▶ _Exercise aim_: Set down each line of the material that follows exactly, and leave its pictures out.

▶ _Data segment_:
--- START ---
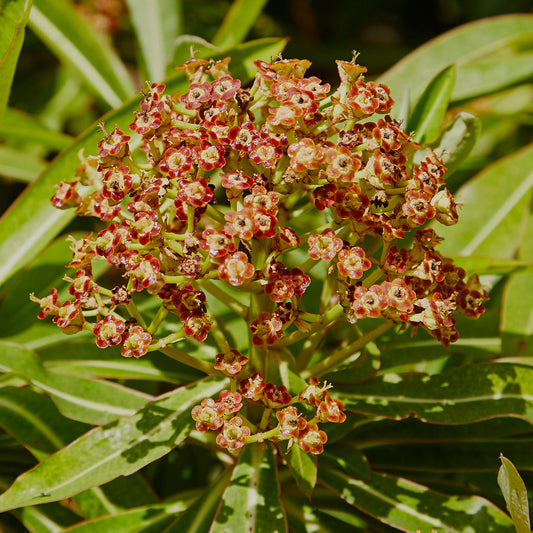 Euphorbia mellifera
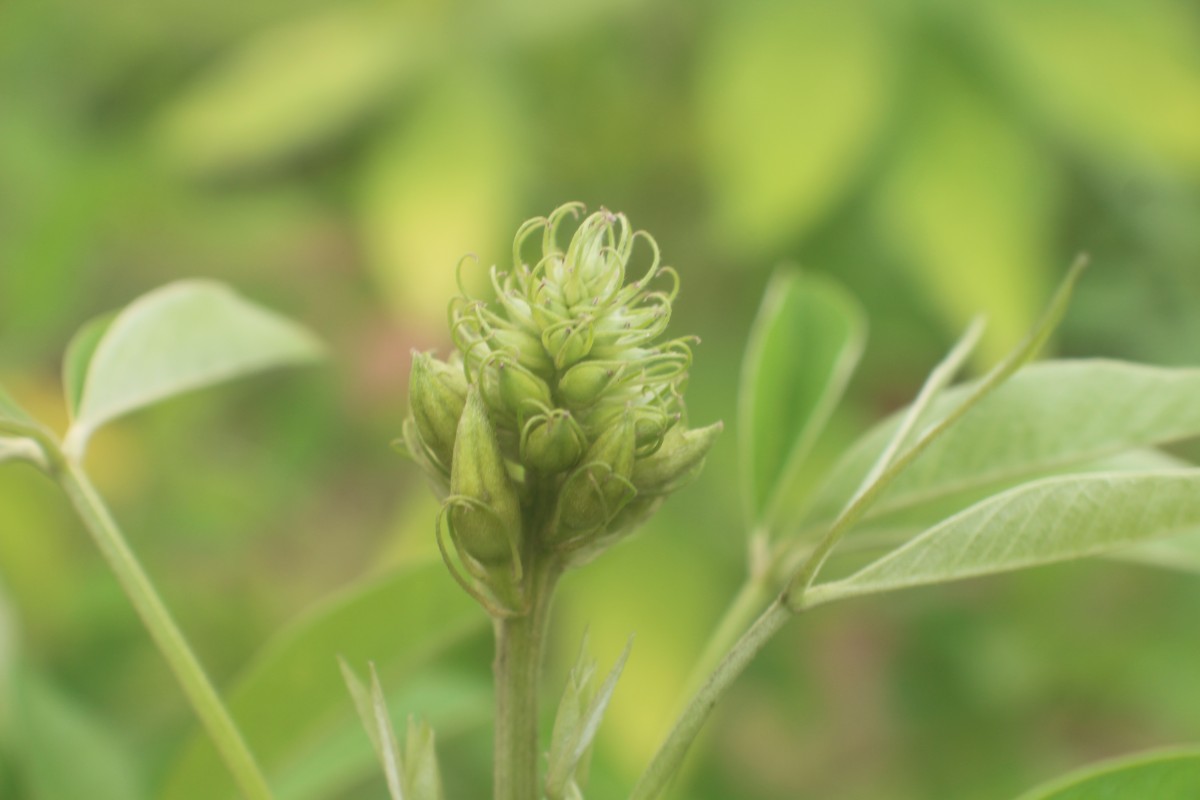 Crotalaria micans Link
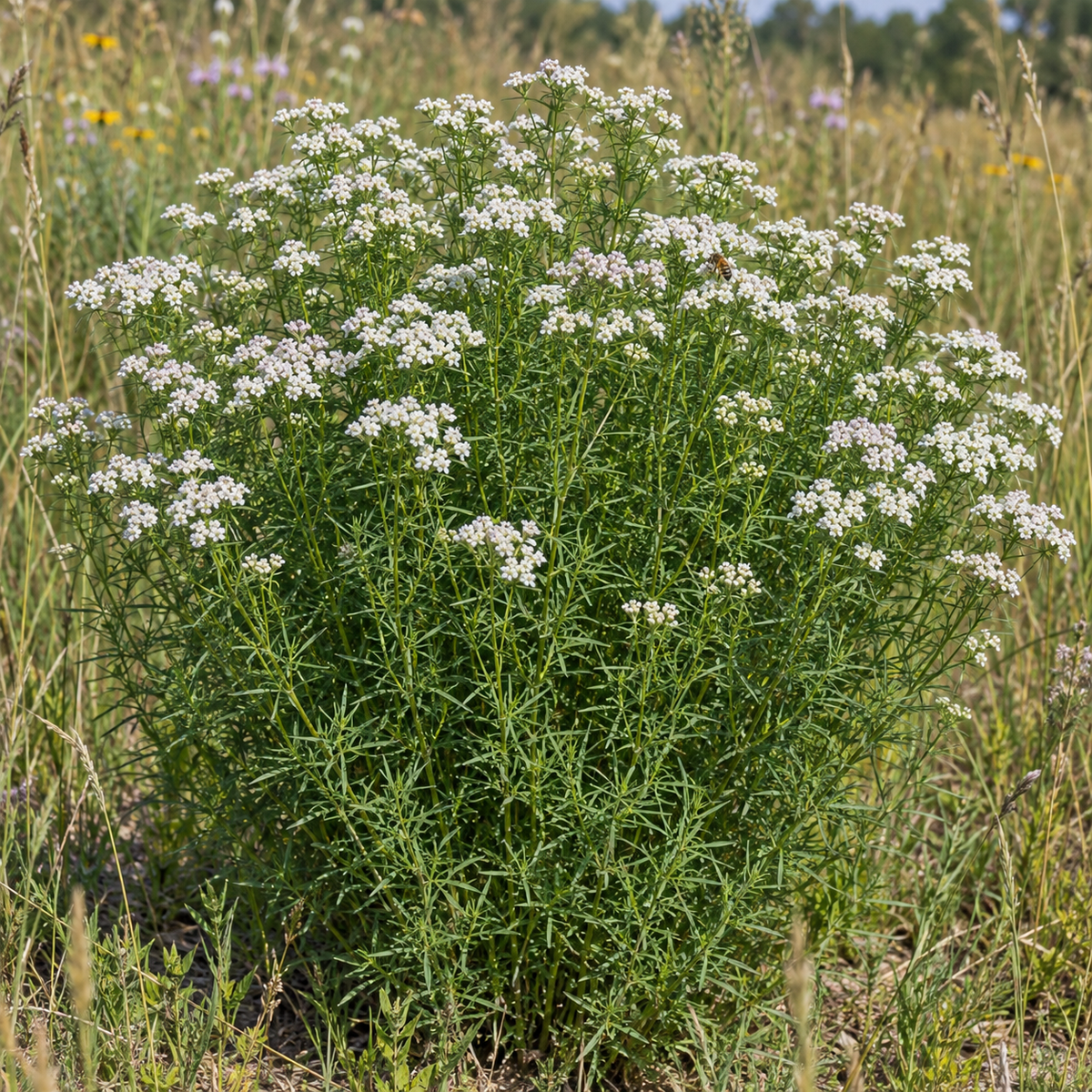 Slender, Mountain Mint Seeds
--- END ---
▶ _Exercise response_:
 Euphorbia mellifera
 Crotalaria micans Link
 Slender, Mountain Mint Seeds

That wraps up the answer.